PADA zaman dahulu kala, sebelum Pulau Wawonii dihuni oleh manusia. Hiduplah sosok makhluk yang sangat buas dan menakutkan. Makhluk itu bernama Kalamboro. Ia tinggal di Kumapa (gua) yang terletak di tengah hutan Pulau Wawonii. Kalamboro adalah makhluk hutan yang bertubuh besar, tinggi, dan kekar. Rambutnya putih dan terurai panjang melewati pinggangnya. Kuku serta gigi taringnya panjang dan tajam seperti ujung pisau.

Setiap hari Kalamboro berburu untuk mencari makanan. Ia memakan hasil buruannya dengan cara menghisap darahnya, mencabik-cabik dagingnya lalu memakannya. Hingga yang tersisa tinggal tulang belulang saja. Setelah Kalamboro kenyang, ia biasanya mencari pohon besar yang tinggi untuk di jadikan tempat beristirahat.

Kalamboro sangat senang terhadap mangsa yang berukuran besar, seperti anoa dan babi hutan.
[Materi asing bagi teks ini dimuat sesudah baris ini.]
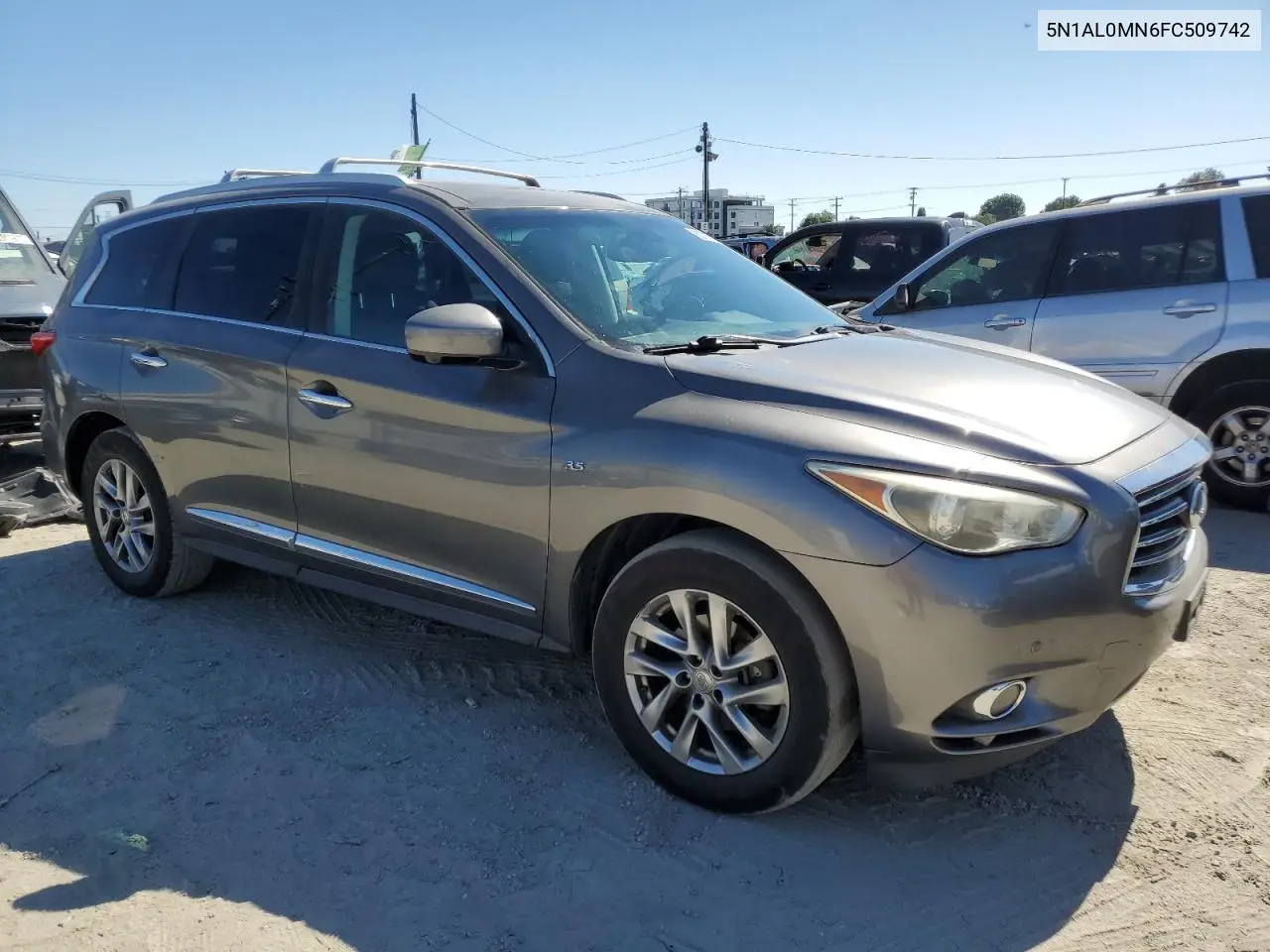 2015 Infiniti Qx60 VIN: 5N1AL0MN6FC509742 Lot: 62787045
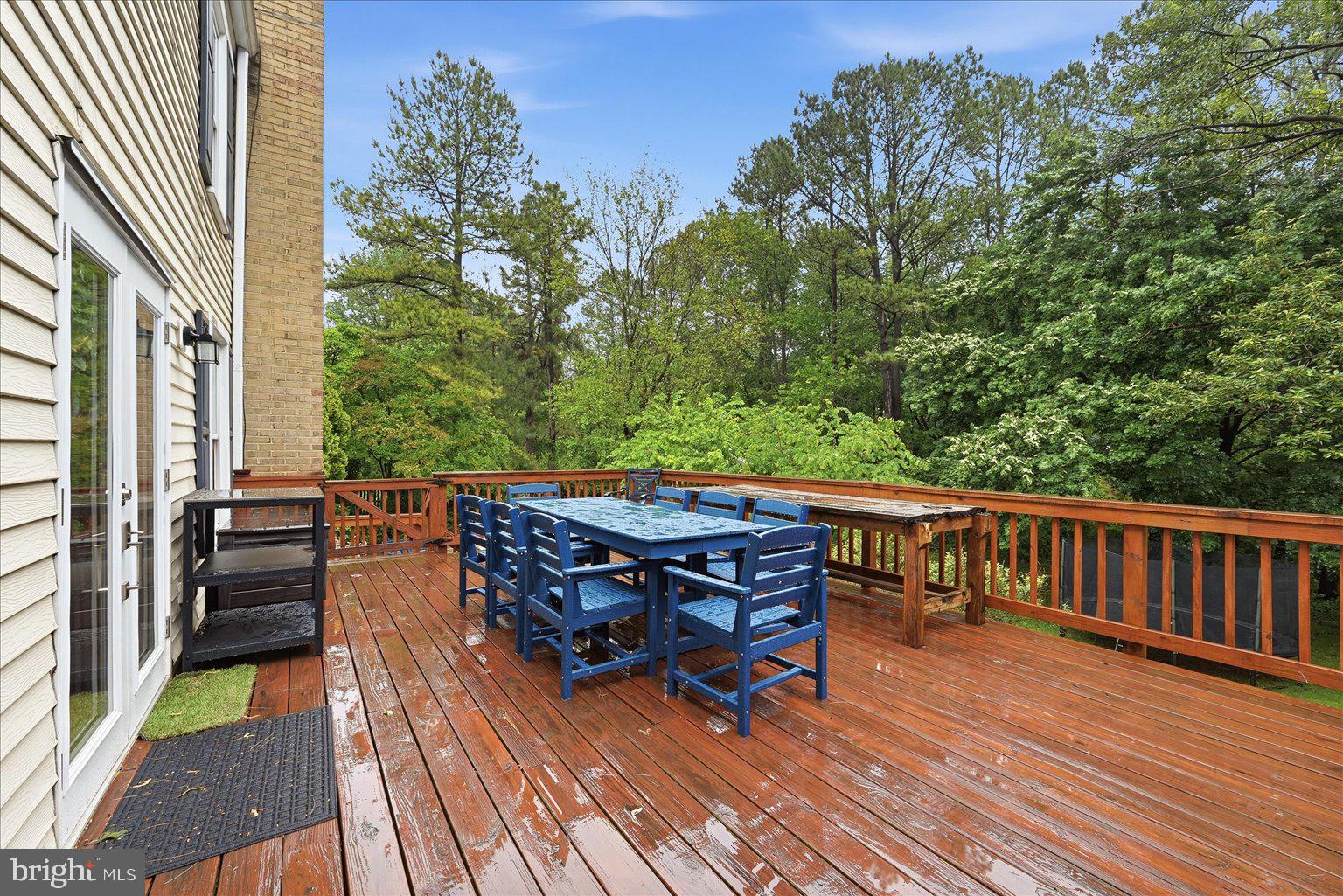 911 Riva Ridge Drive Great Falls, VA 22066 - Photo 55 of 55 Spacious deck surrounded by nature.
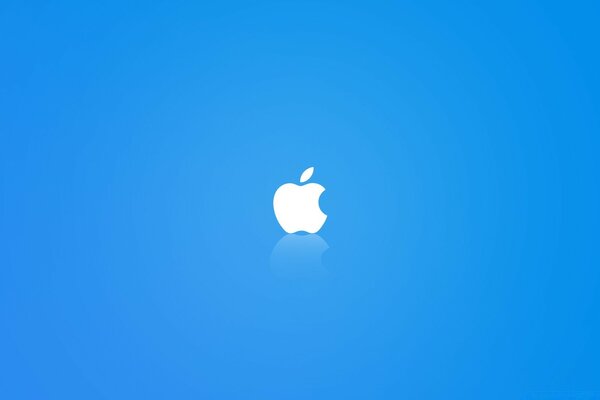 Apple Mac OS X синий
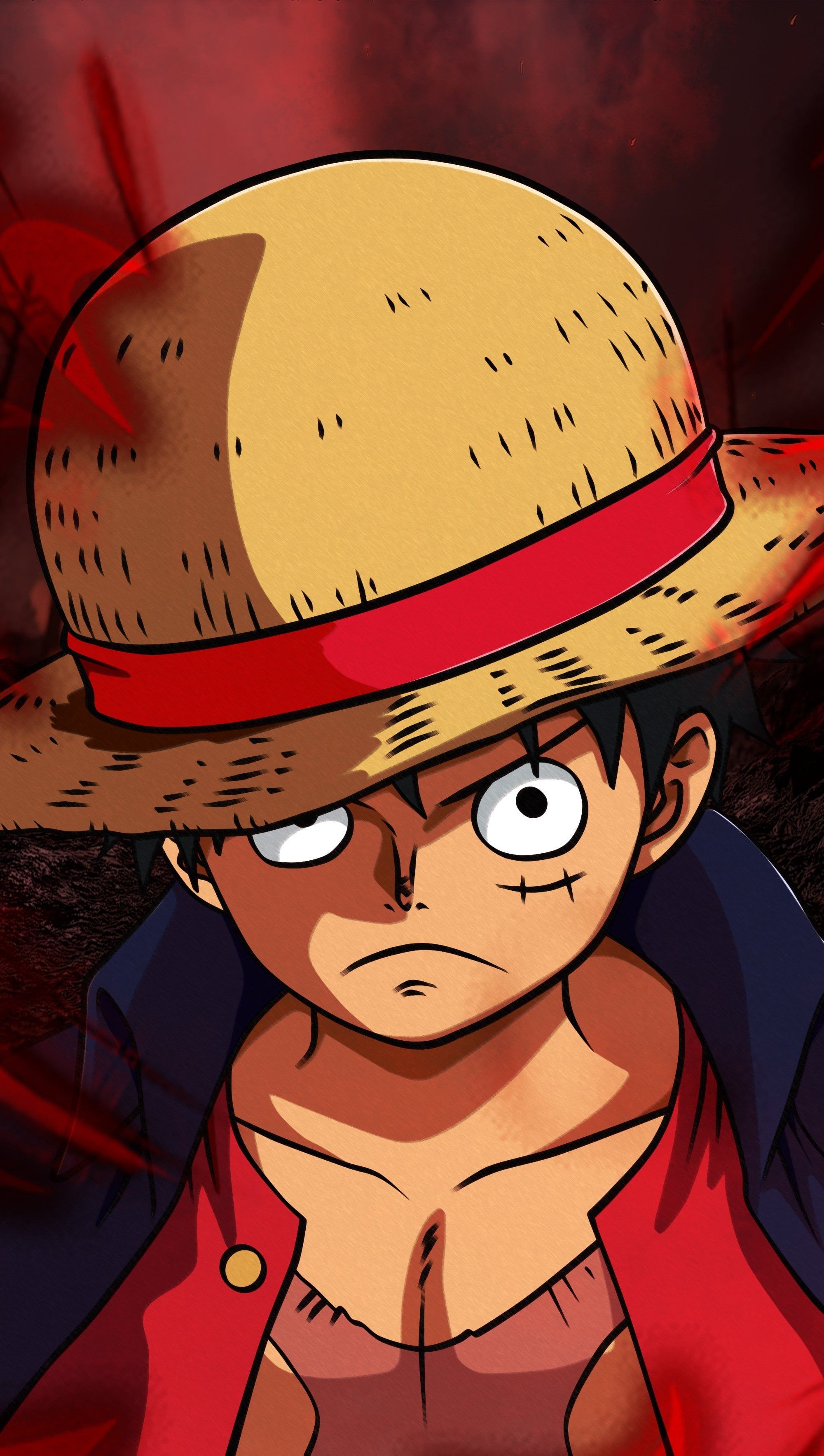 2000x3534 Luffy from One Piece Anime Wallpaper 4K for iPhone and Mobile Phone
Babi hutan adalah buruan yang mudah ia tangkap. Sedangkan anoa merupakan buruan yang membuatnya tertantang, karena dengan kelincahan dan tanduknya yang tajam, anoa selalu melakukan perlawanan sebelum ia di mangsa oleh kalamboro.
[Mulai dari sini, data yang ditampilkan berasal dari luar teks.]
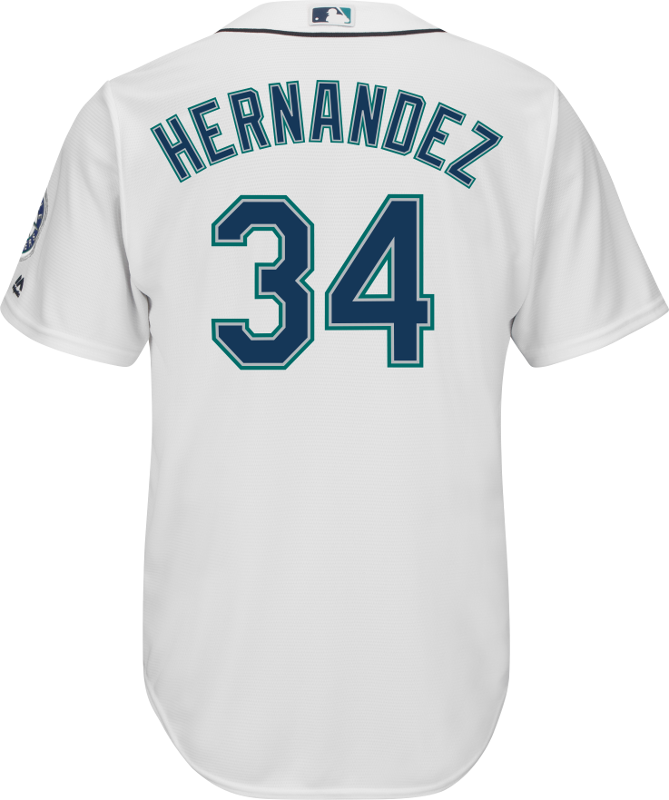 Felix Hernandez Seattle Mariners Replica Adult Home (669x800), Png Download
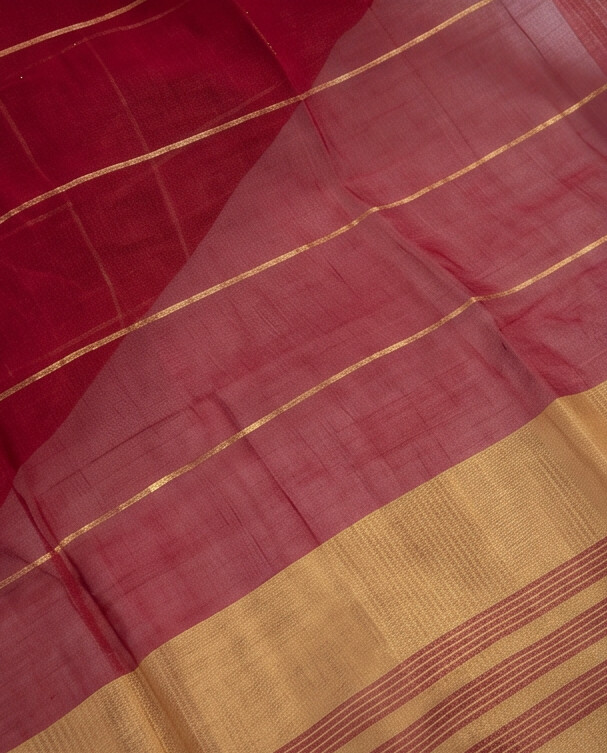 HANDLOOM COTTON CHUDI SETS - Mustard Yellow with Deep Red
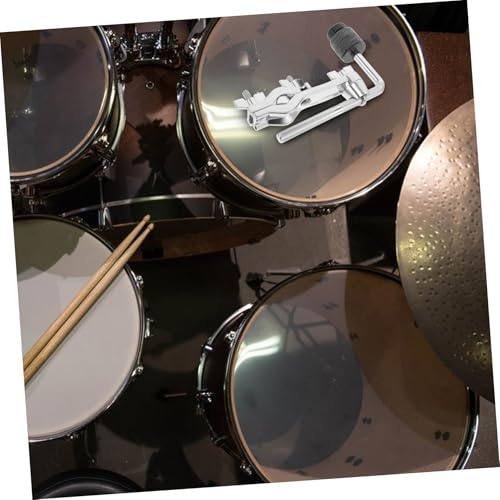 Abrazadera ajustable para batería, brazo cromado para platillo, accesorio duradero para bateristas de jazz que mejora comodidad y desempeño miniatura 5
Pada suatu hari, ketika kalamboro sedang berburu. Tiba-tiba ia di serang oleh sekelompok anoa. Pada peristiwa itu kalamboro terluka, namun kalamboro berhasil meloloskan diri. Kalamboro sangat marah dan bersumpah akan memangsa satu persatu anoa-anoa itu sampai habis. Sumpah kalamboro itu benar-benar terwujud. Anoa-anoa yang hidup di hutan itu, satu persatu di mangsa olehnya. Hingga akhirnya tak satu pun anoa yang hidup di hutan itu.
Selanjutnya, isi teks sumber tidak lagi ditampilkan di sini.